Precision agriculture and ‘smart farming’ use data collection and analysis to help farmers make decisions about their work. What if a threat actor were to falsify this data? They could disrupt crops and livestock. That, in turn, undermines the food supply at the local, regional or national level. On the other hand, attackers could introduce rogue data into a sensor network to endanger crops and herds.
Much of the heavy equipment used in the farm and agriculture sector relies on embedded tools consisting of communication and guidance systems. If the networks used by that major farm equipment suffer disruption or if a smart livestock production facility fails, people might not be able to tend to their crops and livestock on a timely basis. Similar risks can arise from natural disasters such as earthquakes and fires.
Assess Devices to Improve IoT Security
The threats discussed above, along with their potential consequences, highlight how food and agriculture groups operate as critical infrastructure. And just like other critical infrastructure organizations, farms are struggling with Internet of Things (IoT) devices. Those products have introduced vulnerabilities into their networks, weaknesses that attackers can use to disrupt farming equipment and monitoring in such a way that interrupts harvesting and other mission-critical operations.

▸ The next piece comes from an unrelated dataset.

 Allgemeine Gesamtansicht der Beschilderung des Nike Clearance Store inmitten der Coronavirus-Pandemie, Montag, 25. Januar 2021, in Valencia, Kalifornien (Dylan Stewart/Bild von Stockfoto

The University of Maryland (Baltimore County) used this premise to build a potential threat scenario involving a denial of service attack. The incident used IEEE 802.11 vulnerabilities to prevent sensor data from making its way to the remote cloud, thus disrupting sensors in the field. The researchers then expanded the attack from there to prevent devices from connecting to the network.

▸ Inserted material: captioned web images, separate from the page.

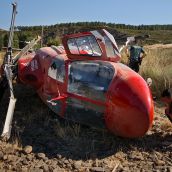 Vicente ICAL Imágenes del estado en el que quedó el helicóptero de extinción después del accidente registrado ayer al atardecer durante la intervención en el incendio de Villar de la Yegua (Salamanca)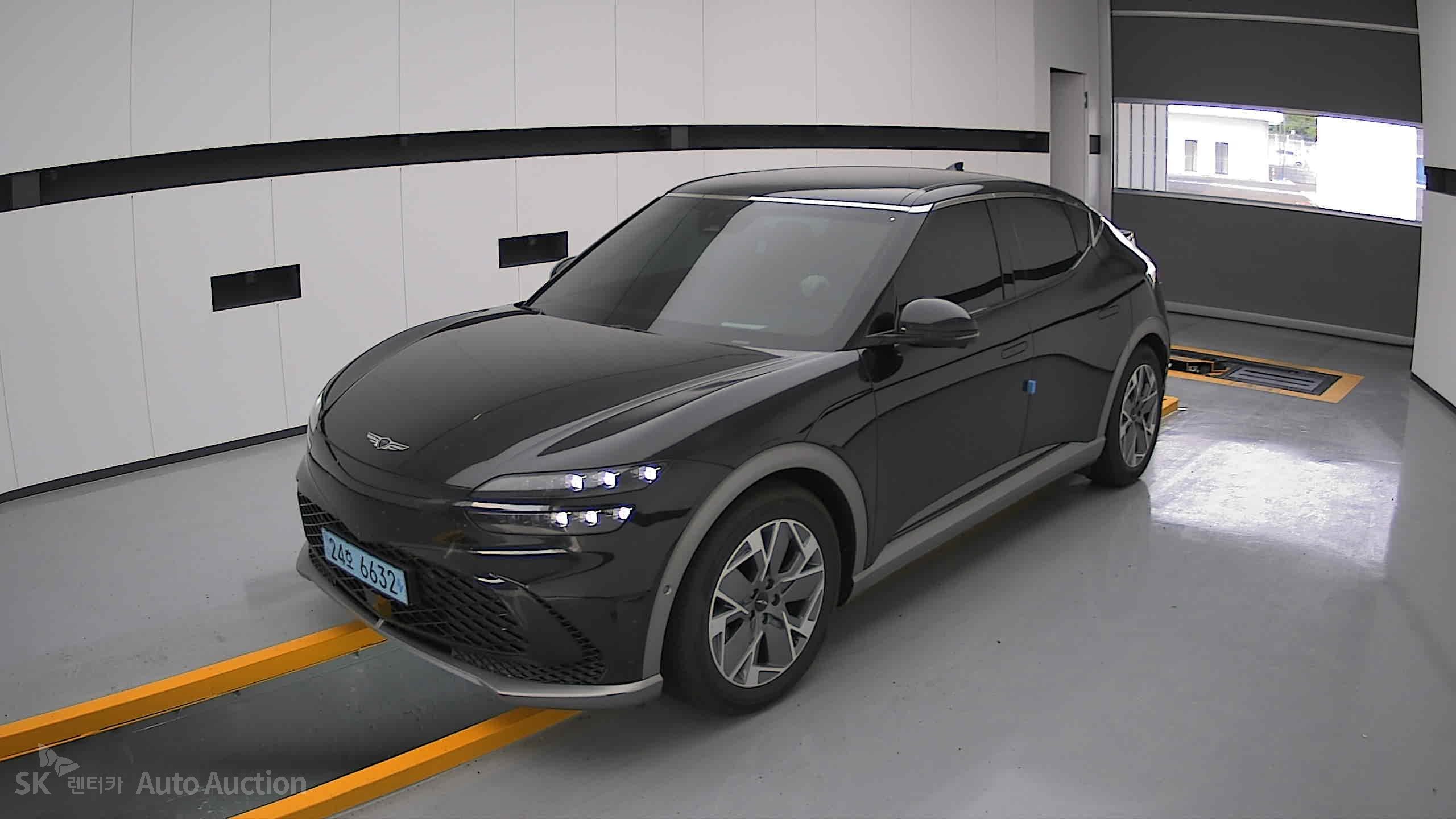 2022 - genesis gv60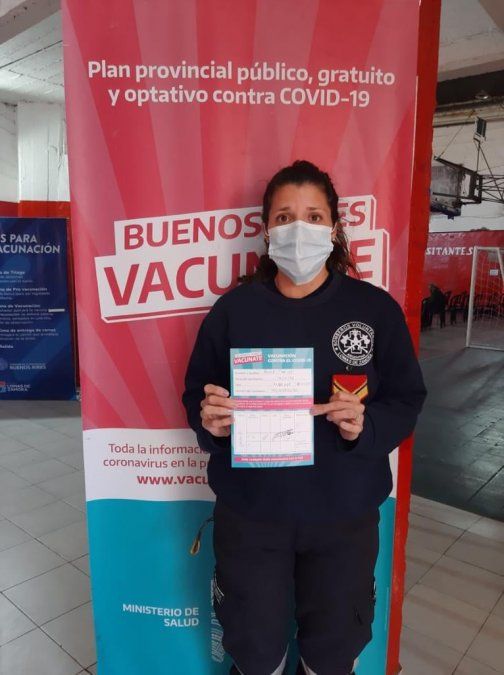 Bombera vacunada contra el coronavirus.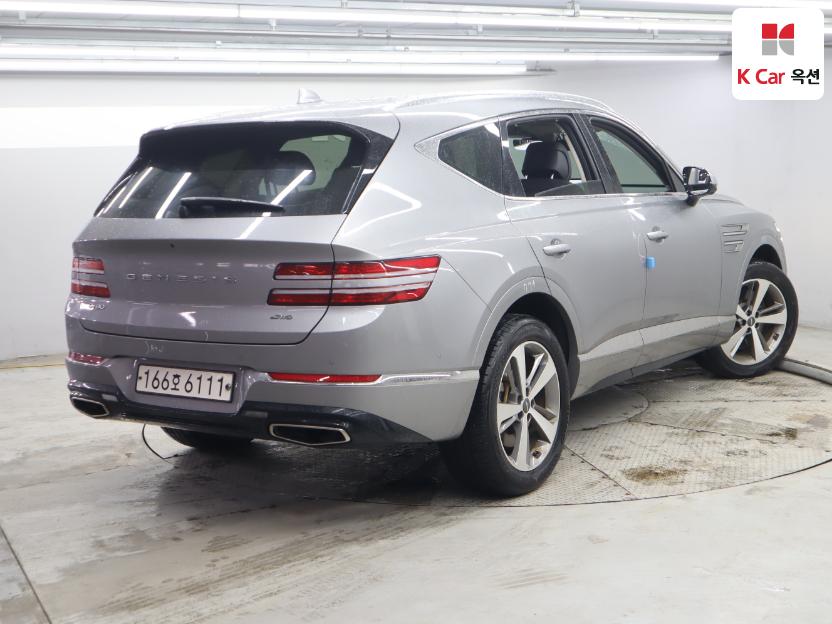2022 - genesis gv80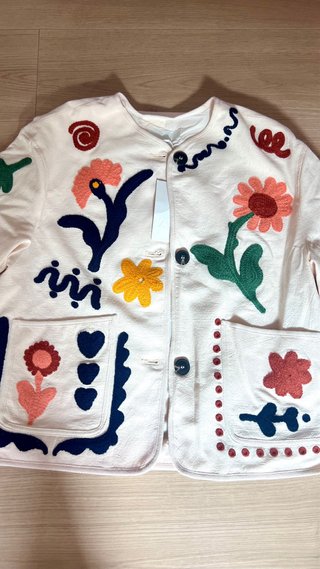 Chaqueta Zara bordada flores viral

Understanding the Scope of These Threats
Not all food and agriculture businesses use smart technologies. As a result, the entire food chain isn’t at risk yet. But given the projections made about smart agriculture, that’s quickly changing.
Food production needs to speed up to keep up with a growing population. As noted by IEEE Spectrum, the global population will reach 8.5 billion people by the end of this decade, with the number of people affected by acute hunger climbing to 840 million. These figures, when coupled with the World Food Programme’s goal of zero hunger by 2030, mean that more farms might begin using smart farming tech in the near future.
Best IoT Security Practices for the Farm Sector
Farm and agriculture organizations can take several steps to defend themselves against the cybersecurity risks confronting them. They can do this by applying network segmentation to keep IoT devices separate from other parts of the network. That will help to limit the scope of an attack.
They can also focus on using both passwords and multi-factor authentication (MFA). Towards that end, security teams need to make sure they change the default password on an IoT device. They can also leverage MFA to protect access to those devices in the event that someone breaches their credentials.
Finally, use vulnerability management and penetration testing services. This will provide a way for infosec personnel to close known flaws affecting their devices. It will also give them a means of testing their existing defenses. With thorough defenses such as these, the global food chain will be more secure.